--- ACTIVITY ---
In the material below, find the line that contains "A man wearing" and the line that contains "Lindo bebé niño", then write out exactly those two lines and everything between them.

--- AVAILABLE DATA ---
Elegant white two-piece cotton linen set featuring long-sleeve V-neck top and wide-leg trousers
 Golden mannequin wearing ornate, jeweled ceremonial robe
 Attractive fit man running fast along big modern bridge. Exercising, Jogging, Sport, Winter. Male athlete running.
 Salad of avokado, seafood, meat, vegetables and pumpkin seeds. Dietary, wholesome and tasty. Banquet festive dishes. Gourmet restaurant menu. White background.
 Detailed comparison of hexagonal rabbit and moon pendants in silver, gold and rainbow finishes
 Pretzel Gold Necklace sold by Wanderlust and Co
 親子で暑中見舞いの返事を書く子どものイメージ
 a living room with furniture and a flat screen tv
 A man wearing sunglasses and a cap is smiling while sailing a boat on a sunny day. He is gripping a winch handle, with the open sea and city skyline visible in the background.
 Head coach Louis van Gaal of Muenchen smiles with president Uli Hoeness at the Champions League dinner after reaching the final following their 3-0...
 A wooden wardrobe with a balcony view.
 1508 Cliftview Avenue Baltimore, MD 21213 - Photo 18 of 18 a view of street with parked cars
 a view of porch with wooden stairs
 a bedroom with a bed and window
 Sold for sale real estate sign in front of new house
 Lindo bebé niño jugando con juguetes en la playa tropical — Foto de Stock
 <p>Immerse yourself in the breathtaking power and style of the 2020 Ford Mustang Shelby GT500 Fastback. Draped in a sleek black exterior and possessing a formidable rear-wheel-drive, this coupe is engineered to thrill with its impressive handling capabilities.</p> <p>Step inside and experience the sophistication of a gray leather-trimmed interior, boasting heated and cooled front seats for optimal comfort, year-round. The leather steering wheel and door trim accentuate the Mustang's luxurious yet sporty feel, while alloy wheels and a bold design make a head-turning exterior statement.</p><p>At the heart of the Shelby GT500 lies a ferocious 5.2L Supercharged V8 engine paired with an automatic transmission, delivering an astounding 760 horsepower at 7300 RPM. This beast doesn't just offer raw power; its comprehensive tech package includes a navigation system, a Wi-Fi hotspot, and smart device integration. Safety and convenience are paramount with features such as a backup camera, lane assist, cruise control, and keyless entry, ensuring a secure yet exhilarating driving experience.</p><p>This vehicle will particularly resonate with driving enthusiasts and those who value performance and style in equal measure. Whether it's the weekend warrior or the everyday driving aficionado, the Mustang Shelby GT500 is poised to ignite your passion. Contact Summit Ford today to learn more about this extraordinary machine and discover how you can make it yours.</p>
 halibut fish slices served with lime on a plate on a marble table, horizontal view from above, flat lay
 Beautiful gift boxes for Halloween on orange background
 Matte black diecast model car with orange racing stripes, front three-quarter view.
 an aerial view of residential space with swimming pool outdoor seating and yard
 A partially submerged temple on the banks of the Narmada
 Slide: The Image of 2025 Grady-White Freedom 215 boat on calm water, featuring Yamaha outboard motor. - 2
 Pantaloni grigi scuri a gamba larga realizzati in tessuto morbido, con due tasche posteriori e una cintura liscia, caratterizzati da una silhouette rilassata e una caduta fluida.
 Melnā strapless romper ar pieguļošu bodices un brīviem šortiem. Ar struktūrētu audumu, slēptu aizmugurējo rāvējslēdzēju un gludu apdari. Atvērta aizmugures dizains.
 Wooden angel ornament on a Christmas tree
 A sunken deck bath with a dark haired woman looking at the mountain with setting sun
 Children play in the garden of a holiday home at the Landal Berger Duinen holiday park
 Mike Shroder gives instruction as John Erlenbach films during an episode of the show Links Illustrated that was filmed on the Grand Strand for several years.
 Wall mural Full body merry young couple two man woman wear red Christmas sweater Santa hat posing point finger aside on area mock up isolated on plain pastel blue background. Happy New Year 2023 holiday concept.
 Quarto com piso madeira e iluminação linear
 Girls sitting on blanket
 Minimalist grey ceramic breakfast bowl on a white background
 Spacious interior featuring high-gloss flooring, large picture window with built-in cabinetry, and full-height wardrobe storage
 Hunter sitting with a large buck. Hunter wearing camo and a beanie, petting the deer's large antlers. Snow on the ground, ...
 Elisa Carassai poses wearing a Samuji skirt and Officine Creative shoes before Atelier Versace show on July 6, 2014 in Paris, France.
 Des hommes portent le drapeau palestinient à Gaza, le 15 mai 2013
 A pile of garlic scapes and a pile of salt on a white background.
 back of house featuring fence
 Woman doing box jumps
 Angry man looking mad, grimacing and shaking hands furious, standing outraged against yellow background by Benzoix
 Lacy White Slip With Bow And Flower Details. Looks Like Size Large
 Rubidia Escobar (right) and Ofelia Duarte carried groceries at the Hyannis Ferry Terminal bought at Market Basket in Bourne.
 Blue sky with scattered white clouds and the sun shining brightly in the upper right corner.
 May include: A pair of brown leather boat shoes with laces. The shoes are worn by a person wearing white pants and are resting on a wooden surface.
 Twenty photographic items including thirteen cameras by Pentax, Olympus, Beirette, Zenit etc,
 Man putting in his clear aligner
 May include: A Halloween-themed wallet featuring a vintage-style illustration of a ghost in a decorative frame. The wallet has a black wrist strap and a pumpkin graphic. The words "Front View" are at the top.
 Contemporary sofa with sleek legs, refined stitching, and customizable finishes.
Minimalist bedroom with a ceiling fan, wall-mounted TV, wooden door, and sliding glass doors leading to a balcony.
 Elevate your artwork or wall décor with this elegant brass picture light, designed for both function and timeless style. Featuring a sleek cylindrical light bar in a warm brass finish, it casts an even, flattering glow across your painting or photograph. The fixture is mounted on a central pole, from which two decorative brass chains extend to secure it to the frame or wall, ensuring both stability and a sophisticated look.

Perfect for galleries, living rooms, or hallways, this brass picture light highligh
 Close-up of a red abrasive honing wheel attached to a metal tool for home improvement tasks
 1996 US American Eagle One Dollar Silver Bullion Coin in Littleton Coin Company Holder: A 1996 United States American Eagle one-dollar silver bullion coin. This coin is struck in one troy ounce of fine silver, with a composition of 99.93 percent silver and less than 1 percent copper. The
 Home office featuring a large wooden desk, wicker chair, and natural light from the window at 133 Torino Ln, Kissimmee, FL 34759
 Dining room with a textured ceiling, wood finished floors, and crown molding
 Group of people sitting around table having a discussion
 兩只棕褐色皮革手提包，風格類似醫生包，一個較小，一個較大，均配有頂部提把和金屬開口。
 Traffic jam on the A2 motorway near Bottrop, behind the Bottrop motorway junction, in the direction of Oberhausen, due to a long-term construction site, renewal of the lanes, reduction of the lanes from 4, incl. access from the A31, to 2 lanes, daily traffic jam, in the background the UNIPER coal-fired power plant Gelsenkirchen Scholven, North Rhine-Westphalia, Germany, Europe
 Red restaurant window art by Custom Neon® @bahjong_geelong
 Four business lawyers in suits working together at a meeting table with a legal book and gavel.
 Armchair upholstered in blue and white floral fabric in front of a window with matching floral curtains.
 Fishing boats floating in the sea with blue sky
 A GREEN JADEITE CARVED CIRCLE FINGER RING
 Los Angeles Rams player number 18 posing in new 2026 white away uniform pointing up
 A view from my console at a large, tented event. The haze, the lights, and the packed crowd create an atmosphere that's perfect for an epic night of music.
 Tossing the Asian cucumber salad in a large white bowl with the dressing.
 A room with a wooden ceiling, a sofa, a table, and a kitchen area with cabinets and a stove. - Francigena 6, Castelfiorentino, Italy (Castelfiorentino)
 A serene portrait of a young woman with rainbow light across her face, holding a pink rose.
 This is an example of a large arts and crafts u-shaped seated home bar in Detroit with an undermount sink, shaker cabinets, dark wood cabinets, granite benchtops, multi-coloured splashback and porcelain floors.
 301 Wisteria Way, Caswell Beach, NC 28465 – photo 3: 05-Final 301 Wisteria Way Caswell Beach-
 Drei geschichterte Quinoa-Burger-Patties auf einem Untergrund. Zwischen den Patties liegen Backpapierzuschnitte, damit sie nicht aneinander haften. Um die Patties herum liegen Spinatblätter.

--- THE COMPLETED TASK ---
 A man wearing sunglasses and a cap is smiling while sailing a boat on a sunny day. He is gripping a winch handle, with the open sea and city skyline visible in the background.
 Head coach Louis van Gaal of Muenchen smiles with president Uli Hoeness at the Champions League dinner after reaching the final following their 3-0...
 A wooden wardrobe with a balcony view.
 1508 Cliftview Avenue Baltimore, MD 21213 - Photo 18 of 18 a view of street with parked cars
 a view of porch with wooden stairs
 a bedroom with a bed and window
 Sold for sale real estate sign in front of new house
 Lindo bebé niño jugando con juguetes en la playa tropical — Foto de Stock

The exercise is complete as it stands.